I am closing this ticket, even I did not have a clue how to avoid the "byte burst" and why GPIO speed setting matters so match to see a SCK signal on scope.

KDJEM.1
ST Employee

Hello @tjaekel ,

Thank you these interesting details and explanations.

It is mentioned in the datasheet that the Octo-SPI  pins support 'very high' and 'high' functionality. I think the AN5050 precisely section 6.2.3 OCTOSPI GPIOs and clocks configuration can help you to configure the OCTOSPI GPIO pins.

For the byte burst issue could you please try to disable the optimization. Note that it is recommended to use compiler optimization level –O0 when building a project that must be debugged. Debugging with optimization level –Og may work but higher optimization level is hard to debug because of compiler code optimization. For more details please refer to  UM260 "STM32CubeIDE user guide" section 3. Debug.

For STM32 U5, any of four different clock sources (SYSCLk, MSIK, pll1_q_ck, pll2_q_ck) can be used for the OCTOSPI clock source. So, PLL3 can't be used as OCTOSPI clock source.  

Thank you for your contribution in STCommunity 🙂.

Kaouthar

 

To give better visibility on the answered topics, please click on Accept as Solution on the reply which solved your issue or answered your question.

Thank you.
Yes, AN5050 says clearly on page 27:

Note:     All GPIOs have to be configured in very high-speed configuration.

This is the answer (and confirms what I have realized).

I am aware of the debug and optimization flags (for debug I use -g3 and -Og).
I was trying to get rid of the byte bursts on QSPI. And this optimization setting has a small influence: byte bursts happen later now (when set for -none and -O3).

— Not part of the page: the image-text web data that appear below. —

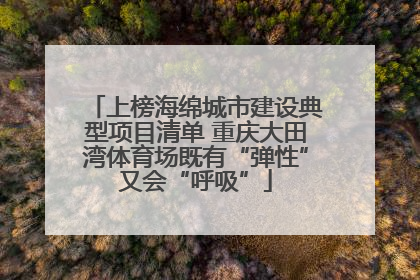 上榜海绵城市建设典型项目清单 重庆大田湾体育场既有“弹性”又会“呼吸”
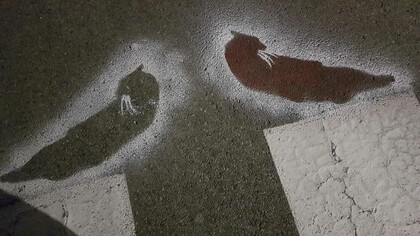 Viviamo in bilico tra un minimo passo in avanti e un bollettino nefasto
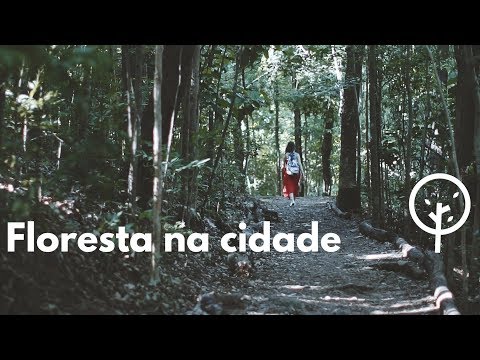 Vídeo: Cidade Da Floresta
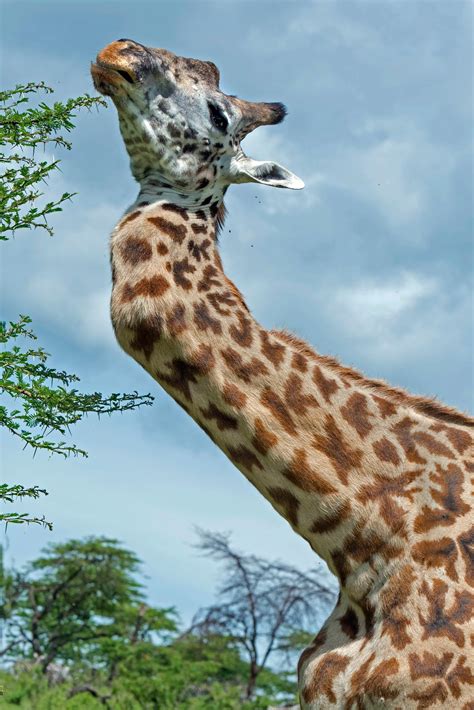 Giraffe survives battle injury, adapts to life with zig-zag neck (PHOTOS) | WTF!? | Earth Touch News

Just not yet successful to have a "gap-less" stream of words on QSPI. After a while it turns into "byte bursts" (two clock cycles for 8bits but a gap between these bytes, even all as 32bit words). Using the FIFO (other thresholds) does not help.
But OK: it works still (waveform is correct). All fine for now.

DMA.  The Core can't keep up at the higher QSPI clock rates.